Exercise description: The records that follow must be reproduced in full, with every picture excluded.
Start of Materials provided
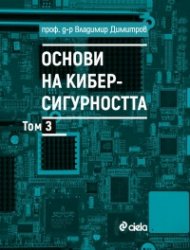 Основи на киберсигурността Т.3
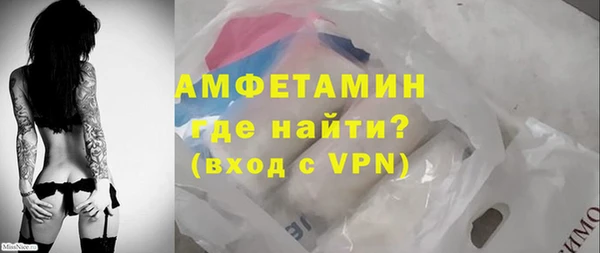 кокс Медногорск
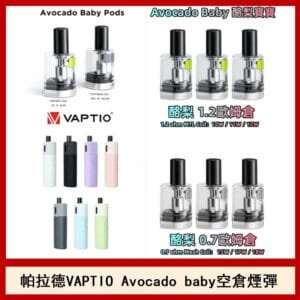 帕拉德VAPTIO Avocado Baby酷梨寶寶空倉煙彈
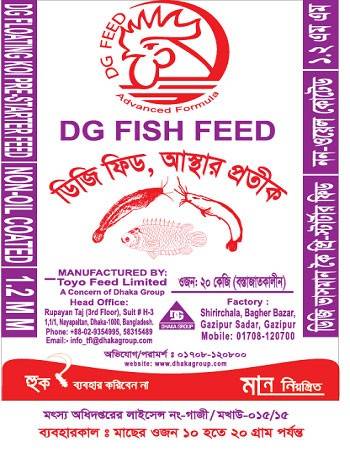 DG FISH FEED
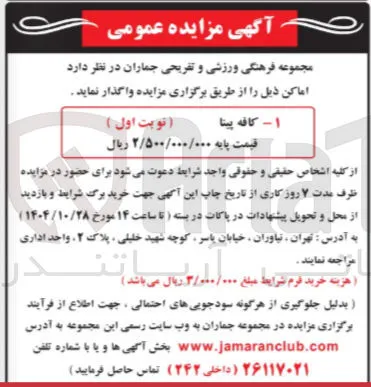 واگذاری کافه پیتا 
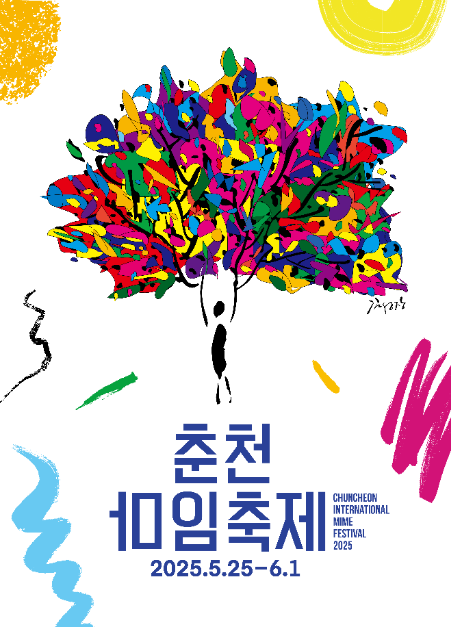 이미지 미리보기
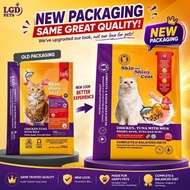LGD PETS Cat Food - Chicken Tuna With Milk (10kg)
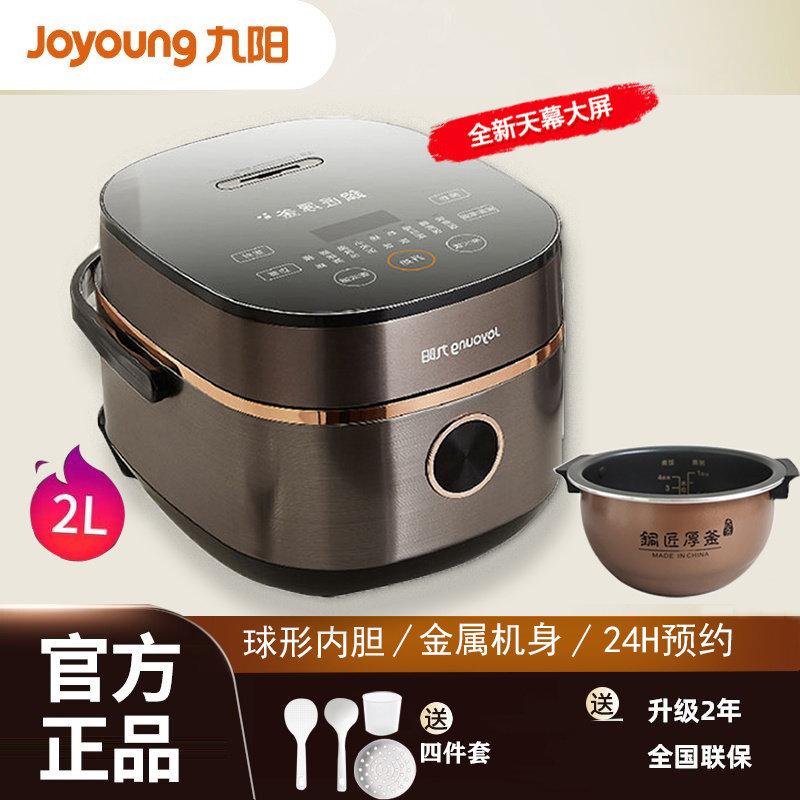 九阳电饭煲2升智能柴火饭迷你电饭锅球形铜匠厚釜1-3人小容量家用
End of Materials provided
Answer space:
 Основи на киберсигурността Т.3
 кокс Медногорск
 帕拉德VAPTIO Avocado Baby酷梨寶寶空倉煙彈
 DG FISH FEED
 واگذاری کافه پیتا 
 이미지 미리보기
LGD PETS Cat Food - Chicken Tuna With Milk (10kg)
 九阳电饭煲2升智能柴火饭迷你电饭锅球形铜匠厚釜1-3人小容量家用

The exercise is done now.